◆ WHAT YOU HAVE TO DO:
Starting with the line in which "从姆巴佩对阵英格兰球队表现看英超稳定性变化趋势研究观察分析" appears, give back every line exactly as written until the listing ends, excluding pictures.

◆ COLLECTED DATA:
______________________________

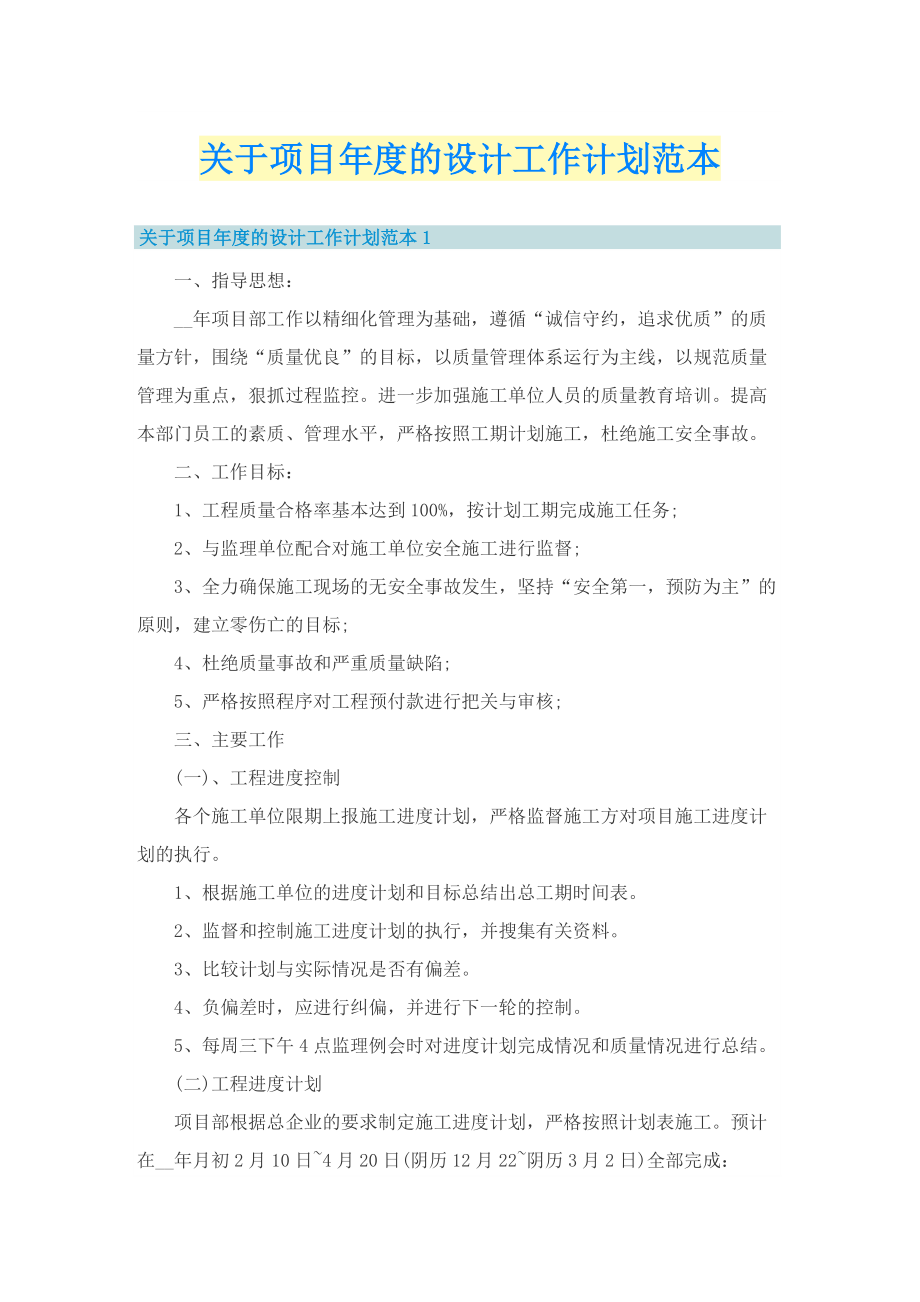 关于项目年度的设计工作计划范本.doc_第1页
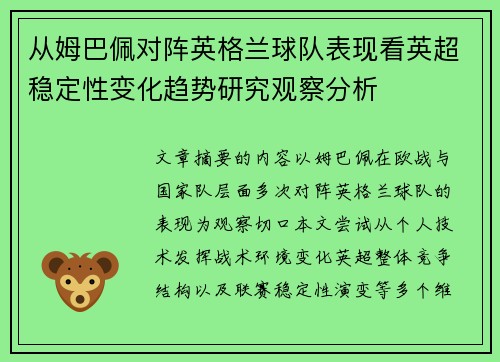 从姆巴佩对阵英格兰球队表现看英超稳定性变化趋势研究观察分析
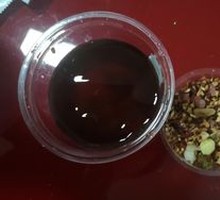 Banna Black Sugar Ice Jelly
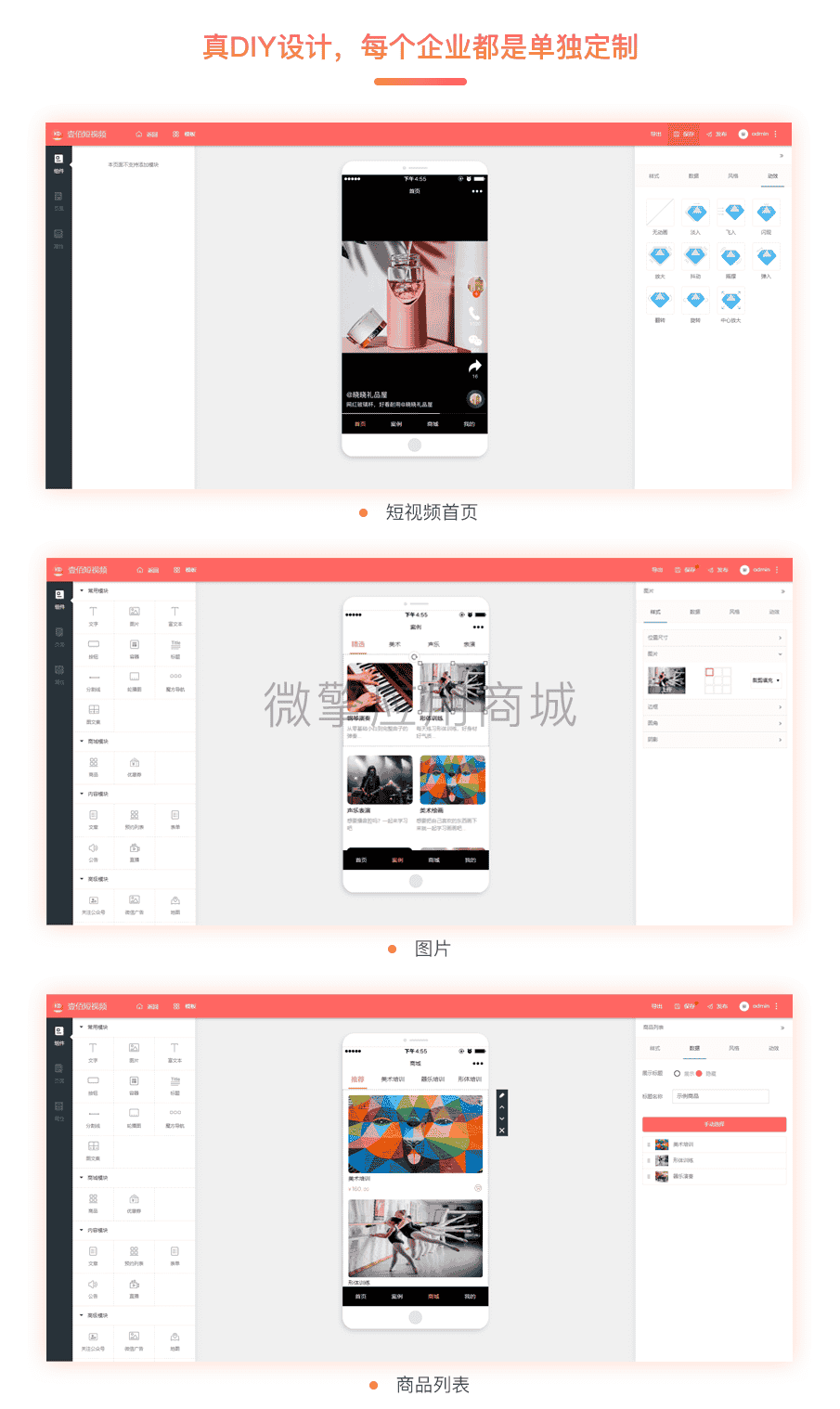 澹逛桨鐭棰_2_06.png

______________________________

◆ TASK OUTPUT:
 从姆巴佩对阵英格兰球队表现看英超稳定性变化趋势研究观察分析
 Banna Black Sugar Ice Jelly
 澹逛桨鐭棰_2_06.png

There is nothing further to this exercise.